Worth Saying Again
Comment on my YouTube Vid! Be part of my wiki! Join my Ning! Are you a member of these Facebook Groups?!! Do you Stumble, Digg, Mixx, Reddit, and the others?!! Where’s your account on Flickr?! I haven’t seen you Twitter in hours!!
With all of that to do, how do we do anything else — write a blog post or send an invoice, for an example?
Social Media: How to Scale Back and Get More Value
Quickly enough, we figure out we can either be overwhelmed or make some choices. Am I sounding redundant? Probably a little. (But the horse isn’t dead.) What I said yesterday is worth underscoring with the words of a friend.
In the first of a series for Freelance Switch, m. saleem suggests that we opt out of those we can.
The first thing to keep in mind is that while it may not be impossible for you to dabble in all these different mediums, it is important that you ignore most of them.
I so agree.
Here are some simple tips for how to scale back and get more value from the time you invest. It’s easier to decide if we set up criteria and eliminate what doesn’t meet those standards.
- What’s your purpose? What’s does the site deliver? Are you looking for community, for friendship, for business or some combination of those? Pick a site that supports your purpose. Do you really need to be on both Pownce and Twitter?

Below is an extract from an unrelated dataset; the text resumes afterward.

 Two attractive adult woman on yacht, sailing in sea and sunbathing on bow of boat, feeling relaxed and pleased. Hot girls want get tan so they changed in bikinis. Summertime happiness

- Who do you know there? Social networks are popping up all over. Everyone can’t participate everywhere. Some I joined were gone by the time I returned there. Be a slow adopter. Look for where your friends already are.
Then decide which networks you value most and what percent of your time you want to spend on social networking tasks. We don’t try to read every book or see every movie. It’s as fruitless to try to use every social networking site.
One of my favorite sayings goes something like this.
Just because you can doesn’t mean you should.
Use the time you gain from scaling back to
- Interact more at the sites you stay a part of.
- Be a stronger presence and write stronger content on your own blog.
- Spend time in other networking pursuits: visiting blogs, meeting clients, and working with people.
It’s okay to get off the social media fast train. Sometimes less really is more.